▶ Problem to work on
Give back exactly the lines from the "Double room Lisbon, 10 beds — photo 12" line to the final line of the records, and only those, minus any pictures.
------ Records for the task
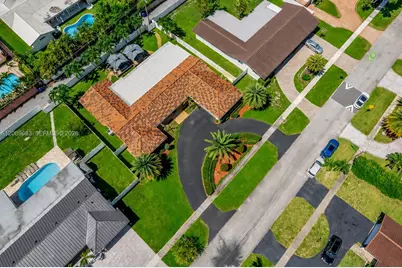 4812 Van Buren St, Hollywood, FL 33021 - Photo 5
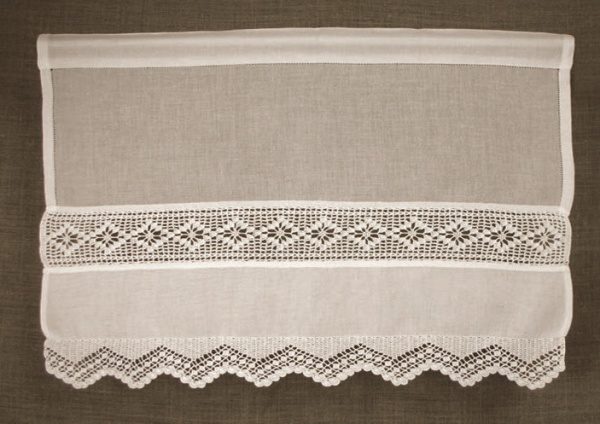 Cantonnière blanche Modèle TRADITION crochet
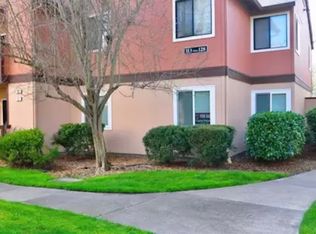 8201 Camino Colegio Dr APT 121, Rohnert Park, CA 94928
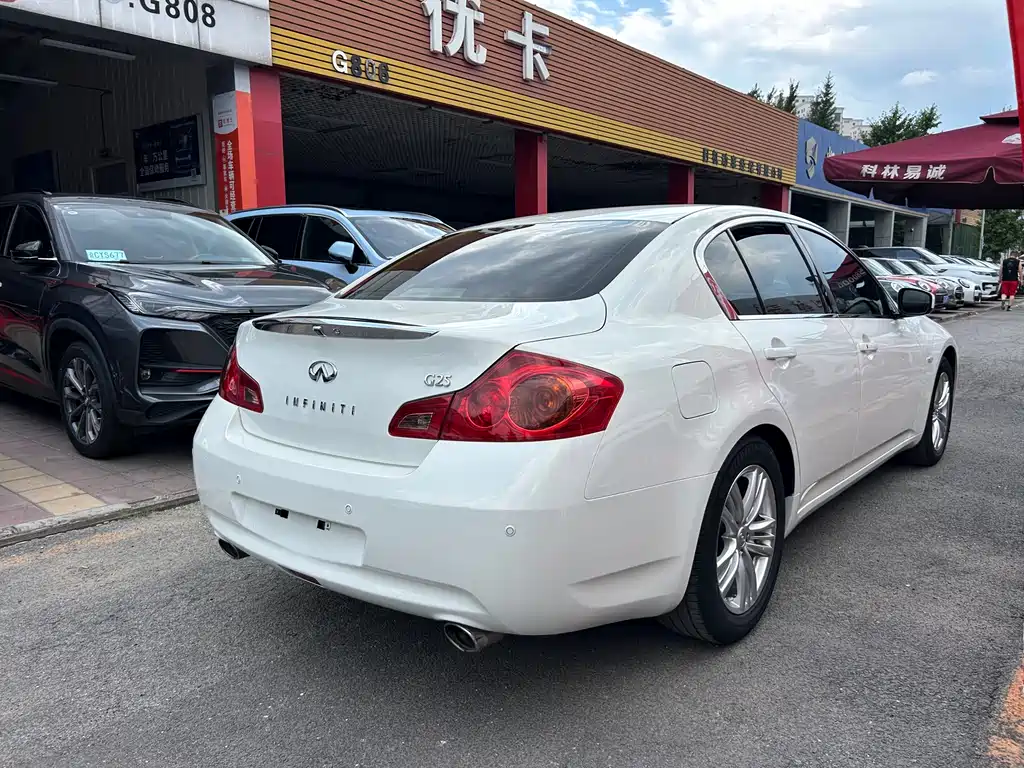 Infiniti G 2013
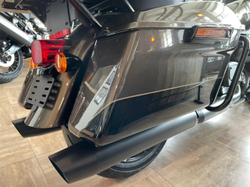 Ultra Limited, Harley-Davidson (FLHTK), 2020 "River Rock Gray / Vivid Black, Black Finish"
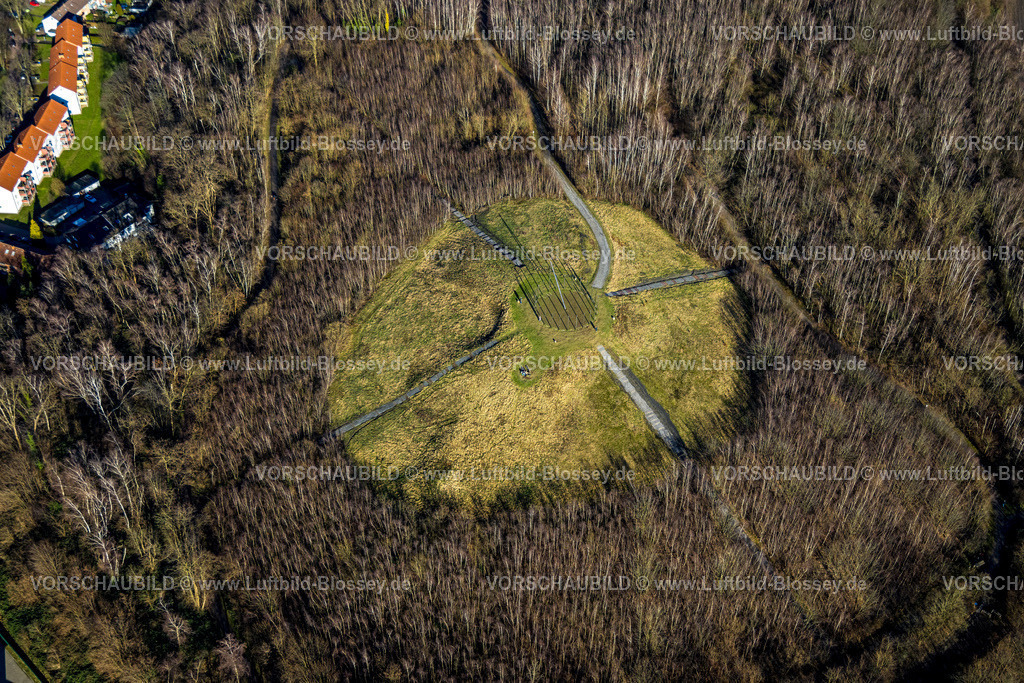 Castrop-Rauxel240106157 | Luftbild, Sonnenuhr auf der Schweriner Halde, Aussichtsplattform, Kunstinstallation von Jan Bormann, Rauxel, Castrop-Rauxel, Ruhrgebiet, Nordrhein-Westfalen, Deutschland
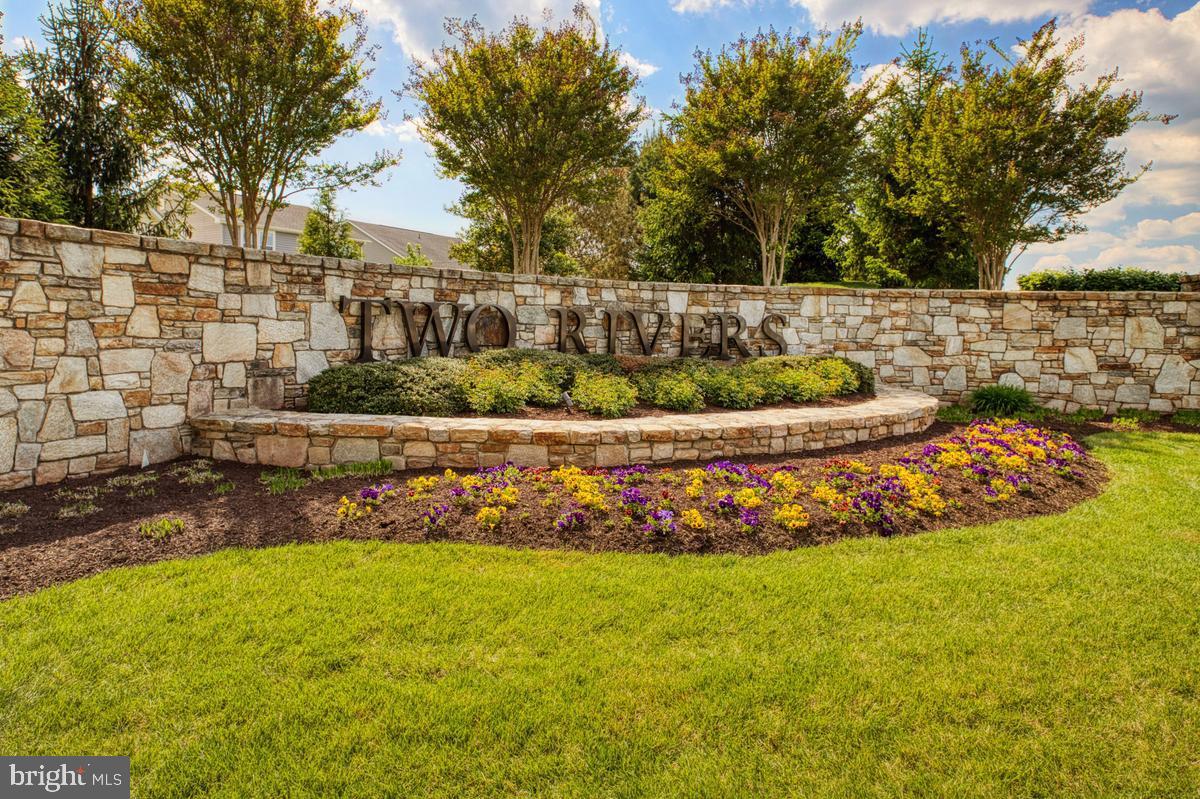 TWO RIVERS - Residential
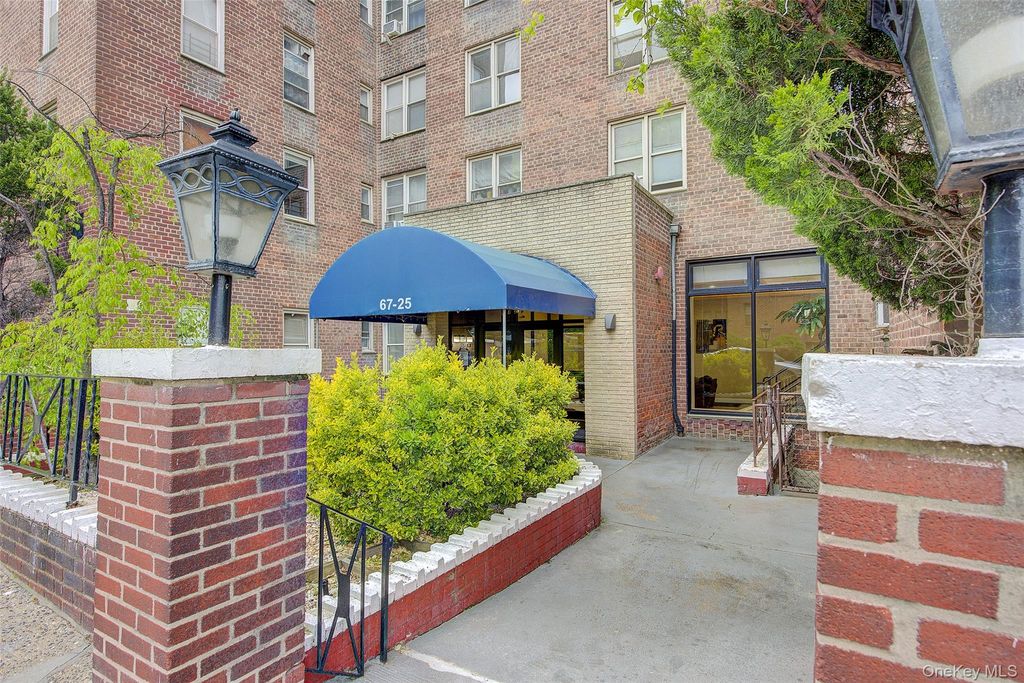 Photo of 67-25 Dartmouth Street #7H, Forest Hills, NY 11375 (MLS # 995265)
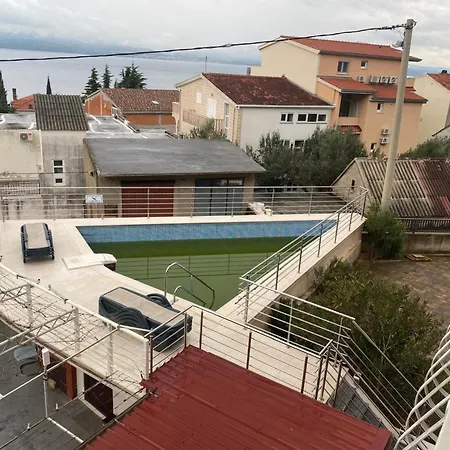 Babaja Πανσιόν Omiš
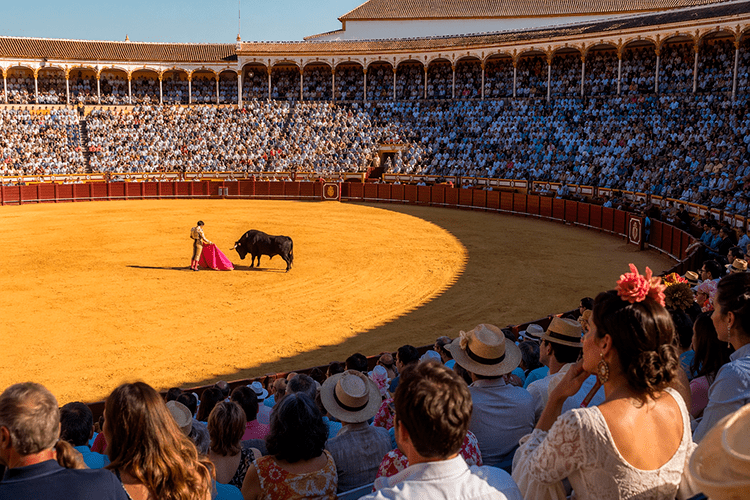 Plaza de Toros de Jerez durante la Feria del Caballo con torero en el ruedo y público en las gradas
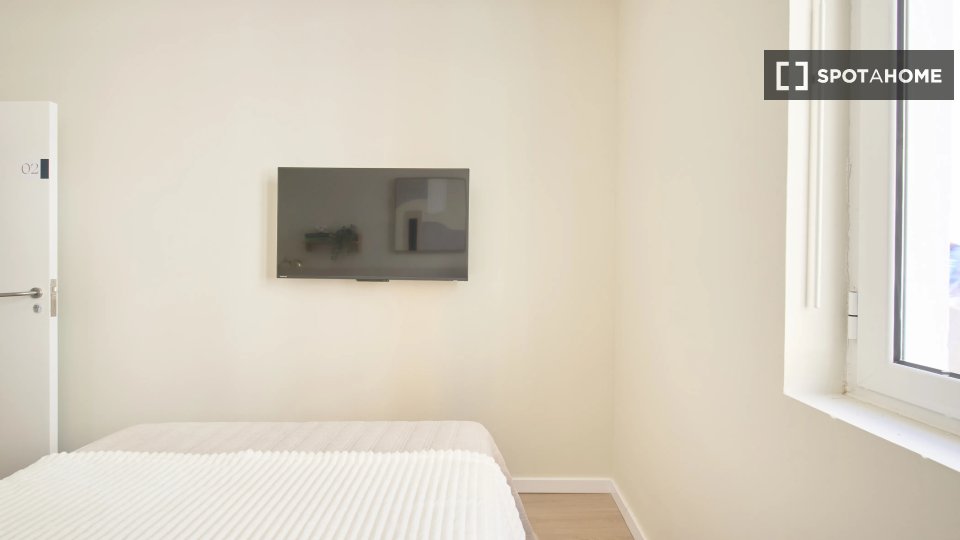 Double room Lisbon, 10 beds — photo 12
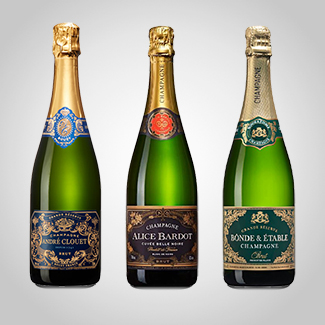 623b3d0771c2e64ed0546af2_Champagne_Andre_Clouet_3_325px Produktbild av tre champagneflaskor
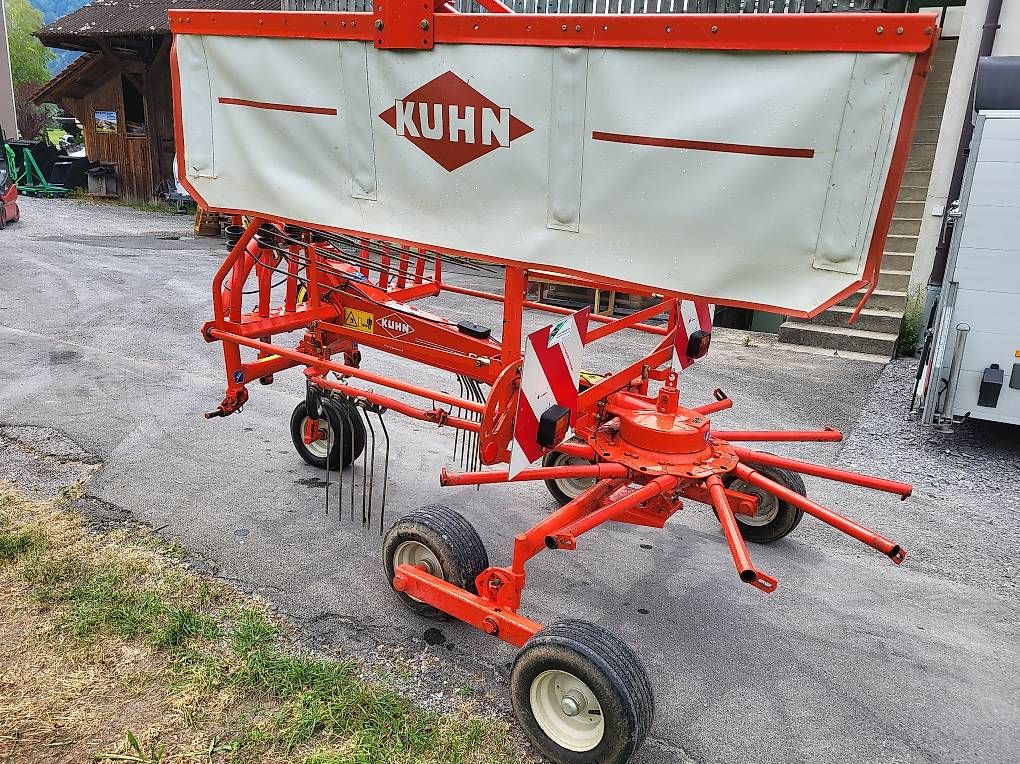 Kuhn Fauchage: Kuhn Schwader – D'occasion à Giswil par Hans83 1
------------
▶ Answer to this problem
 Double room Lisbon, 10 beds — photo 12
 623b3d0771c2e64ed0546af2_Champagne_Andre_Clouet_3_325px Produktbild av tre champagneflaskor
 Kuhn Fauchage: Kuhn Schwader – D'occasion à Giswil par Hans83 1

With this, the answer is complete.